Almost as a testament to the way the world is heading, spirituality, and non-materialistic lifestyles do not coincide with the business world. Many nations represent their stature involving their reactions to the actions of other countrys largely in their vested business interests. A current situation is with Iraq, there is too much business invested for anyone in the world to oppose the invasion in a militaristic fashion, regardless of their political views. As the USA had the opportunity to have a stance against China about Tibet, China has a chance to oppose the USA over Iraq only declaring it an illegal invasion. A mutual silent agreement amongst two large business partners. The Indian government once outraged about Tibet, today is no longer upset, their country charged with an economic ambition that exceeds the capacity for regarding the Tibet conflict as anything more than a map change.

The economic prowess of a country largely reflects on what they are able to do on a real world stage. This is largely Taiwan's defence against the Chinese invasion, but when their day comes and the Chinese do invade Taiwan, which is mandated under their current government, will their economic prowess be enough to risk defending them from an even bigger business partner?

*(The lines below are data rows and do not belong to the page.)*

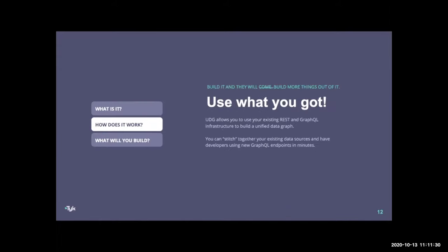Let me go a little deeper on how UDG actually works so that when you see the demo, you'll understand what's going on in the background. Using your existing REST and GraphQL endpoints, you're able to expose a single GraphQL endpoint which allows access to the data in those services. You do that through schema stitching — Tyk handles where to grab the data from, routing all incoming queries or mutations out to those data sources to either retrieve or manipulate data accordingly.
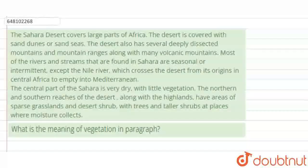Hello! So, in this question, we have been given a paragraph. Based on this paragraph, a question is being asked at the end. We have to answer that question by reading this paragraph.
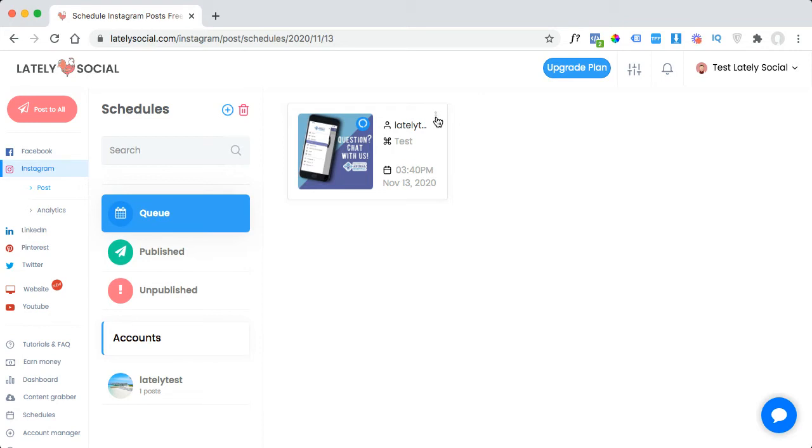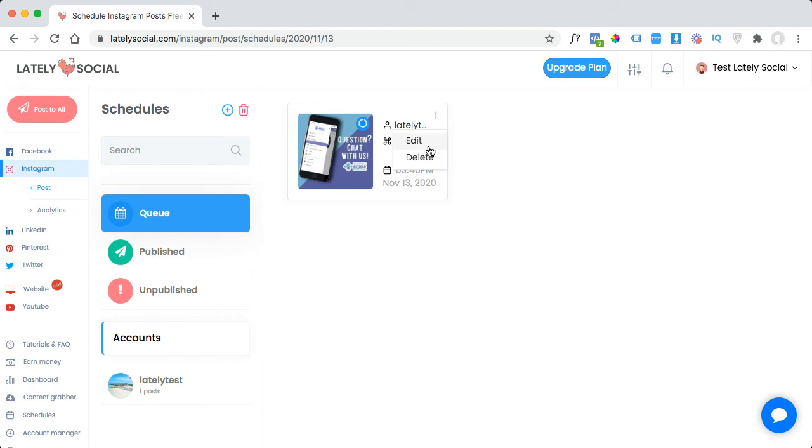So you will find the drop down menu from the top right corner of this post box, and then you will see edit or delete. So you can click either of these for whichever action that you want to take.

In the end, the loss of Tibet and many of its people were the start of a different world, where culture is slowly starting to become a culture of business rather than a reflection of traditional values. The cold shoulder towards Darfur area in Sudan, no money to be made saving black people in Africa, they probably all have AIDs anyways right? Science fiction authors used to write about robots taking over the world, I think we are becoming robots ourselves, losing all compassion and becoming self absorbed and selfish. Life has a price, and you only have to have money to get it taken away or saved. The scale of justice has money on both sides.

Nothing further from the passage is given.